MASSI Souad

Née en 1972 sur les coteaux d’Alger, à Bab-el-Oued, Souad Massi a eu vingt ans au coeur des « années noires » de l’Algérie en proie à la double pression des islamistes, qui ont pris le maquis, et des militaires, qui ont pris le pouvoir. Mais Souad Massi a eu cette chance, celle d’être combattive, d’apprendre la guitare, le répertoire arabo-andalou et la musique classique occidentale à l’Association de l’Ecole des Beaux-Arts. Elle a eu la chance d’avoir un père cadre à la Compagnie des eaux, une mère qui la convainc de faire des études d’urbanisme (institut de travaux publics à Kouba, Alger), un frère, Hassan, compositeur, et un copain qui collectionne les disques country des années 1940.

Mais la jeune Souad, « kabyle comme de nombreuses Algériennes et de nombreux Algériens, doit se frayer un chemin artistique entre le raï alors tout puissant, la chanson kabyle et la pop moyen orientale. Elle opte pour cette « Alger, ville ouverte », longtemps célébrée. Elle passe par la case flamenca avec le groupe Triana d’Alger originaire de Séville, ancienne capitale d’Al Andalus, puis par la case heavy metal avec Atakor, tout en écoutant Emmylou Harris, folkeuse pop. Venue à Paris en 1999 pour chanter au Cabaret Sauvage, sa première cassette sous le bras, Souad Massi est repérée par le label Island-Mercury. Et la voici intégrée dans la prolifique troupe des joueurs de musiques du monde, un secteur alors en plein essor.
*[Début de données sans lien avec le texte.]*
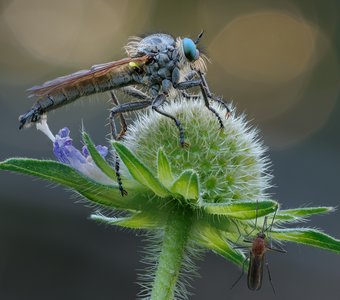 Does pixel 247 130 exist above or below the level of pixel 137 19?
below

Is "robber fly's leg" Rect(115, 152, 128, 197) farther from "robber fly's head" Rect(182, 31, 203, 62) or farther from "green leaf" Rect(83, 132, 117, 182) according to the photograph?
"robber fly's head" Rect(182, 31, 203, 62)

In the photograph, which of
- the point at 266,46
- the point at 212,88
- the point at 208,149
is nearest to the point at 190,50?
the point at 208,149

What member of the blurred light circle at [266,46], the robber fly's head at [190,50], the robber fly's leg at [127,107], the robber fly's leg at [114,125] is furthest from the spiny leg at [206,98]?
the blurred light circle at [266,46]

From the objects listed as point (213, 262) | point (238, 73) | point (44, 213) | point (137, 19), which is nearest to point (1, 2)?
point (137, 19)

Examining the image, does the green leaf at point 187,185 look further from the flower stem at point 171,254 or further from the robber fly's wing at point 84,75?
the robber fly's wing at point 84,75

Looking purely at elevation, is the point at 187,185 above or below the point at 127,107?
below

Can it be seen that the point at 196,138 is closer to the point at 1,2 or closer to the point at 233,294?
the point at 233,294

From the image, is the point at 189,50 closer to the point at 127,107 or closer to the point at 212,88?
the point at 127,107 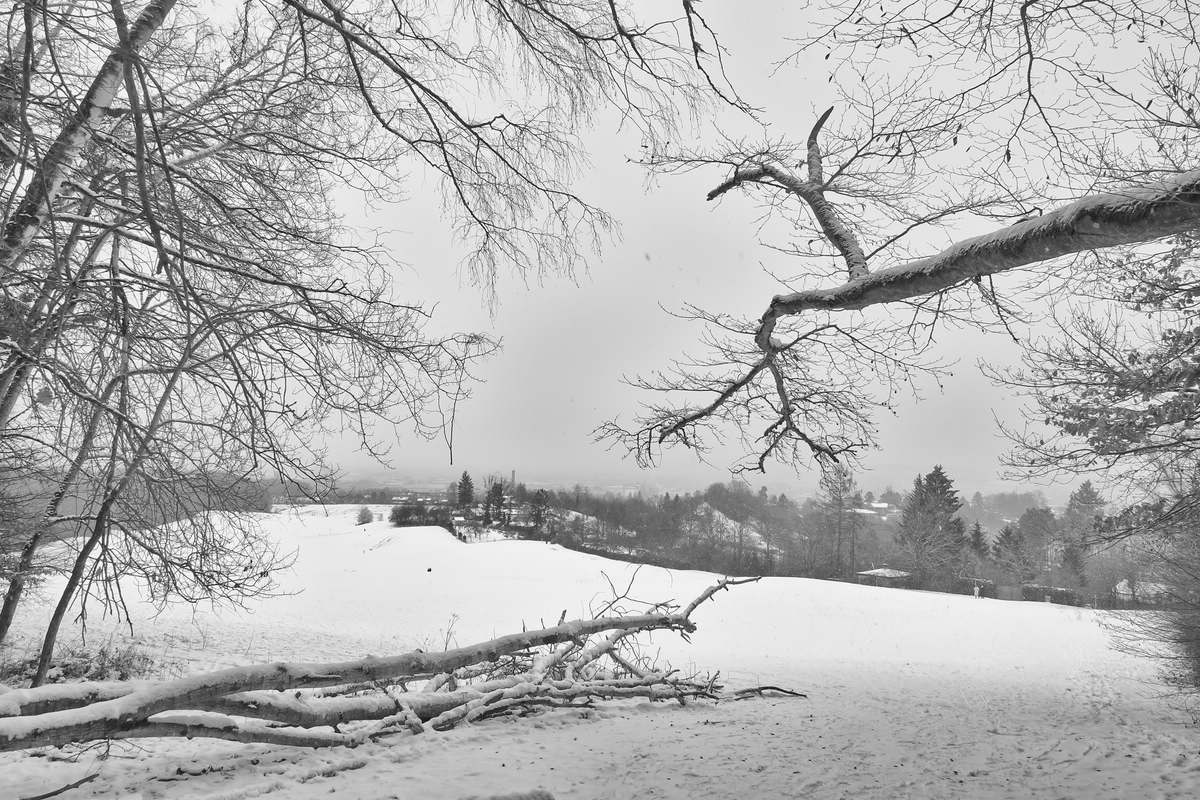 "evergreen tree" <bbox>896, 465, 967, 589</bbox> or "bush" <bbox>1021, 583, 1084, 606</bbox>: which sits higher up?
"evergreen tree" <bbox>896, 465, 967, 589</bbox>

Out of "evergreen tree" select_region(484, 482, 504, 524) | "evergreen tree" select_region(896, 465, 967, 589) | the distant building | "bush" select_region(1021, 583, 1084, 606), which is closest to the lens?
"bush" select_region(1021, 583, 1084, 606)

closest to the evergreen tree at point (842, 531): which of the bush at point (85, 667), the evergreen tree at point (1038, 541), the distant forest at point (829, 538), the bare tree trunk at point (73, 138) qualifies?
the distant forest at point (829, 538)

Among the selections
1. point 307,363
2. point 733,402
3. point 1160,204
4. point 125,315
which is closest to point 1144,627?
point 733,402

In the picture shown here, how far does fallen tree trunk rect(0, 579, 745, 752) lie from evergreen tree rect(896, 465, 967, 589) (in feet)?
163

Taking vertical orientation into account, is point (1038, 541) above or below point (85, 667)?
above

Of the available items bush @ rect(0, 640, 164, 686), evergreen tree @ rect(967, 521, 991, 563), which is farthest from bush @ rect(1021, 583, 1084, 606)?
bush @ rect(0, 640, 164, 686)

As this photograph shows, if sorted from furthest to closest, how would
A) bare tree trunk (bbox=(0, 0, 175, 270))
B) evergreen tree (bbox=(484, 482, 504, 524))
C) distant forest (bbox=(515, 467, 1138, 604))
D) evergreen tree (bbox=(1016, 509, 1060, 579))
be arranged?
evergreen tree (bbox=(484, 482, 504, 524)), evergreen tree (bbox=(1016, 509, 1060, 579)), distant forest (bbox=(515, 467, 1138, 604)), bare tree trunk (bbox=(0, 0, 175, 270))

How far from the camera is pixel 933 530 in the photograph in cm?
5041

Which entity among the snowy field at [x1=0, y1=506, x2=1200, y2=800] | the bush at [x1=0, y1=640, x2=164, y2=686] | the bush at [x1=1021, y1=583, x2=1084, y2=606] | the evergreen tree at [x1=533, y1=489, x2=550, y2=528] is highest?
the evergreen tree at [x1=533, y1=489, x2=550, y2=528]

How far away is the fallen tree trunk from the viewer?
A: 2963 millimetres

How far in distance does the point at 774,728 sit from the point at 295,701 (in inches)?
152

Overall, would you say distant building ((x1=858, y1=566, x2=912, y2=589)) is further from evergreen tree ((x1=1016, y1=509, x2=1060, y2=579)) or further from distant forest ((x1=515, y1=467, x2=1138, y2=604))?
evergreen tree ((x1=1016, y1=509, x2=1060, y2=579))

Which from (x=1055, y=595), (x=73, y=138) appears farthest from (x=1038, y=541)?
(x=73, y=138)

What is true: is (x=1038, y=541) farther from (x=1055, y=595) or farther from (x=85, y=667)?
(x=85, y=667) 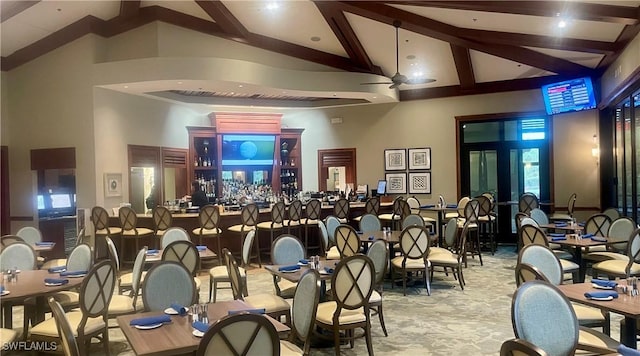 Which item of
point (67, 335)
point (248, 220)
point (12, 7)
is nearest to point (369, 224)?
point (248, 220)

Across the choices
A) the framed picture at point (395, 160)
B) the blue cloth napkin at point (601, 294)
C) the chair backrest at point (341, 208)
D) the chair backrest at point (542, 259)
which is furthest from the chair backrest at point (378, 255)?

Exilée, Souad Massi ne l’est pas. Tout au plus éloignée volontaire. Elle a bien sûr écrit sur l’exil, sur les souvenirs envahissants de la terre natale – c’est avec Mesk Elil (l’odeur du chèvrefeuille) qu’elle remporte une Victoire de la Musique en 2006. Elle aurait pu en rester là mais Souad Massi est une femme qui avance. L’art de Souad Massi passe aussi par la langue française, et Oumniya propose deux titres francophones. « Dans un avion au retour d’Espagne, mon ingénieur du son, Yann Lemêtre, m’avait fait écouter une chanson, Pays Natal, et j’avais eu la chair de poule, le texte est magnifique ». « Pour sentir l’odeur du pain au sésame ou au cumin, fallait faire la queue longtemps dans ce pays… » : ce sont les mots de Françoise Mallet-Joris sur une musique de Marie-Paule Belle « que je ne connaissais pas alors ». Pour compléter la section française, Magyd Cherfi, le Toulousain engagé a donné Je chante à Souad Massi.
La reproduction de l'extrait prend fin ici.